*** Listed records Section Begins ***

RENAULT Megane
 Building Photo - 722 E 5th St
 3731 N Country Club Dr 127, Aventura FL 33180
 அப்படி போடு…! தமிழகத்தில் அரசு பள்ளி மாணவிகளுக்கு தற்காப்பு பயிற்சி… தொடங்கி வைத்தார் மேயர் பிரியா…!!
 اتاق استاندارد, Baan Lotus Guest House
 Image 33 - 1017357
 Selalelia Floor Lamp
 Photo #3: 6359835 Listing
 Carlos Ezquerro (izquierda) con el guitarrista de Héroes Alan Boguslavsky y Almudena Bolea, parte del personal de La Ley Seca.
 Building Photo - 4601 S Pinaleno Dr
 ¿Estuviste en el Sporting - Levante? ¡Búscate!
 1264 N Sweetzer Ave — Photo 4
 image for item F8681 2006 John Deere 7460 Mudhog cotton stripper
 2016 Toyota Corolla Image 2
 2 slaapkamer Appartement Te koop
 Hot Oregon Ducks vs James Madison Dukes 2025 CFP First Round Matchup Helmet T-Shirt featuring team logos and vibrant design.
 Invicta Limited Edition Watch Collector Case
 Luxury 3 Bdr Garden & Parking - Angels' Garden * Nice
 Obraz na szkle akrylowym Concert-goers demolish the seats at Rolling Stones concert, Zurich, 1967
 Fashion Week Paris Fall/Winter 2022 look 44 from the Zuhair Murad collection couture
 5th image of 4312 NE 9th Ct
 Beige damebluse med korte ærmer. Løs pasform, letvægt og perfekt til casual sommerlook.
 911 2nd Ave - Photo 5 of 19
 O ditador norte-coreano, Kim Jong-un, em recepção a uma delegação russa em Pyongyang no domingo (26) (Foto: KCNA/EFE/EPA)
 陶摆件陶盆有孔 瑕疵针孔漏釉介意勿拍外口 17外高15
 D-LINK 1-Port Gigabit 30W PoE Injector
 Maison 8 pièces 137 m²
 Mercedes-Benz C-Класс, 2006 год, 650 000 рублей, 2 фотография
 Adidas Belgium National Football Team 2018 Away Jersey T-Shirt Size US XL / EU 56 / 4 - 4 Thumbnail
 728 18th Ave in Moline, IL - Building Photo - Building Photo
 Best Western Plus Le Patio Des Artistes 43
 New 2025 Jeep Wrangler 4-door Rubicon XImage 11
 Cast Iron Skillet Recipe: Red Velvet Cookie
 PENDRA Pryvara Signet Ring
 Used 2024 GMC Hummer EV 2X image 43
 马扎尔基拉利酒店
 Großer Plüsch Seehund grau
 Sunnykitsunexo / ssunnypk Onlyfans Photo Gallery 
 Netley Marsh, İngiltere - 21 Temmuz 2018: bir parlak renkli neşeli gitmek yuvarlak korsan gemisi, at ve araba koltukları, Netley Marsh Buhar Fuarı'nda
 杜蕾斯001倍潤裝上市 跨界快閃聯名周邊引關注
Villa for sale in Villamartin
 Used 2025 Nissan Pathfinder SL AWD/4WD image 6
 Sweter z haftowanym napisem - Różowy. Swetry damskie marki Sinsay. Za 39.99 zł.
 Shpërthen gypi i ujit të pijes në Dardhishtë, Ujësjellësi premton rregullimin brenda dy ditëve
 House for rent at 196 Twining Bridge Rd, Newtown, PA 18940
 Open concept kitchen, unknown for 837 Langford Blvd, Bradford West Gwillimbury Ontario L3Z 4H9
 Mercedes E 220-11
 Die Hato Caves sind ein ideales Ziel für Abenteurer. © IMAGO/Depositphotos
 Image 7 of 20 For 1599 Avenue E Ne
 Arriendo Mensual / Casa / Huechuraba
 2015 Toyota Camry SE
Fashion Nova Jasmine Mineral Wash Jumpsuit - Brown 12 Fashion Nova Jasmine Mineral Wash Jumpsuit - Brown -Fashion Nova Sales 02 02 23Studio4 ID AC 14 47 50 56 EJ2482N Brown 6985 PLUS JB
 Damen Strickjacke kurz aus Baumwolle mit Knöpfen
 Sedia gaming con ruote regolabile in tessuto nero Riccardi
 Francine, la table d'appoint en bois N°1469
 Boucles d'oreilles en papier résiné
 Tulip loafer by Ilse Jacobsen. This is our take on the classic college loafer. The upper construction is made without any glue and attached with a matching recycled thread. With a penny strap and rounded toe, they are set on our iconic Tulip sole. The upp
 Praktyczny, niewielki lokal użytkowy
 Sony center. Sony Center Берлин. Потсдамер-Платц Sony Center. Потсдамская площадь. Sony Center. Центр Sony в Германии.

*** Listed records Section Ends ***

§ **Instructions for the task**
If a line comes after the one that contains "Obraz na szkle", leave it out; return every line of the entries up to that point exactly, starting with the first, with that line included.

§ **Written answer**
RENAULT Megane
 Building Photo - 722 E 5th St
 3731 N Country Club Dr 127, Aventura FL 33180
 அப்படி போடு…! தமிழகத்தில் அரசு பள்ளி மாணவிகளுக்கு தற்காப்பு பயிற்சி… தொடங்கி வைத்தார் மேயர் பிரியா…!!
 اتاق استاندارد, Baan Lotus Guest House
 Image 33 - 1017357
 Selalelia Floor Lamp
 Photo #3: 6359835 Listing
 Carlos Ezquerro (izquierda) con el guitarrista de Héroes Alan Boguslavsky y Almudena Bolea, parte del personal de La Ley Seca.
 Building Photo - 4601 S Pinaleno Dr
 ¿Estuviste en el Sporting - Levante? ¡Búscate!
 1264 N Sweetzer Ave — Photo 4
 image for item F8681 2006 John Deere 7460 Mudhog cotton stripper
 2016 Toyota Corolla Image 2
 2 slaapkamer Appartement Te koop
 Hot Oregon Ducks vs James Madison Dukes 2025 CFP First Round Matchup Helmet T-Shirt featuring team logos and vibrant design.
 Invicta Limited Edition Watch Collector Case
 Luxury 3 Bdr Garden & Parking - Angels' Garden * Nice
 Obraz na szkle akrylowym Concert-goers demolish the seats at Rolling Stones concert, Zurich, 1967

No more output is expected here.